I played the arcade version of Karnov a few times, back in the ’80s. I barely have any memory of it, though and I guess that’s because the original Nintendo port was a damn good port.
Playing this now, it’s damn near identical to its 8-bit port, other than the graphics are a bit better and the gameplay is slightly smoother.
I used to play the NES game a lot. But it’s nice getting refamiliarized with this one.
Karnov is a cool character that was also featured in other Data East games to the point that he essentially became their Mario. He’s actually the first boss in both versions of the Bad Dudes video games.
Since the character became so prominent for Data East, it’s surprising that this game never got a sequel. It’s unique, cool as fuck and as I’ve already pointed out, features a prominent character for the developer.
These games remind me a lot of the Rygar games, as it features a unique hero in a very unique but interesting fantasy setting. Both games have cool landscapes, awesome beasts to battle and present a serious challenge that isn’t unbeatable but requires the development of great skill to do so.
Karnov is just a blast to play, even if it’s difficult to adjust to its playing style. Frankly, this should’ve birthed a long-running franchise. Maybe if it became that, Data East would still exist today.
Pairs well with: other side scrolling fantasy action games for the arcade and the original Nintendo.

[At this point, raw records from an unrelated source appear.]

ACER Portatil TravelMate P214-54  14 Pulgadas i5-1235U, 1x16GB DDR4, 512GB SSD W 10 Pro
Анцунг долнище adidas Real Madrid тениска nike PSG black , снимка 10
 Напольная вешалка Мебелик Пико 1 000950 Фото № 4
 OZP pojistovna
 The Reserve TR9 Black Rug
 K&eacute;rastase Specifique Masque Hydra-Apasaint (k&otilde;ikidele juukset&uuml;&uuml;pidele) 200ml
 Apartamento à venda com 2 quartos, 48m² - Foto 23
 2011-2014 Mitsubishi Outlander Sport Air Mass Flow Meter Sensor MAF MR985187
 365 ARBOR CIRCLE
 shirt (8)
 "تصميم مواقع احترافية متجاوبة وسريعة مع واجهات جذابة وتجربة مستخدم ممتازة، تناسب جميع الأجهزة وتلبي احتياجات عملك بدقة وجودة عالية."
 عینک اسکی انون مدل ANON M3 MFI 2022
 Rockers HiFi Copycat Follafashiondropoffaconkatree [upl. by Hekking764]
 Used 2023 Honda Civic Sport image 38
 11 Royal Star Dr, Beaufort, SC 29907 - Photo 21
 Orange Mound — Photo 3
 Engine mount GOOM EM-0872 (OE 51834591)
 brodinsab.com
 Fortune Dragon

As much as I have played Contra on the original Nintendo, I hadn’t played the arcade version in decades. I always remembered it looking better and having better sound but I wanted to replay it just to see the differences between this original version and its more widely known NES port.
So this obviously does have better graphics and sound but it also has smoother gameplay.
Beyond that, the levels feel more condensed and the bosses take less hits to defeat.
However, even though you have the ability to continue after death, those continues are limited, so it’s extremely hard to actually play through the game in its entirety. In fact, I kept getting put down on the snow level, about midway through the game.
Still, this was a hell of a lot of fun and it should be considered an arcade classic in the same vein the NES version is considered an original Nintendo classic.
Pairs well with: other side scrolling action games for the arcade and classic Nintendo, which narrows it down to about 8 dozen games.
I’ve played through and beat the original Nintendo port of this game at least a dozen or so times in the last three decades. However, I haven’t actually played through the superior, smoother arcade version since the late ’80s.
There was actually a Bad Dudes arcade cabinet in a convenient store right next to my cousin’s house when we were kids. We dropped a fuck ton of quarters in that machine.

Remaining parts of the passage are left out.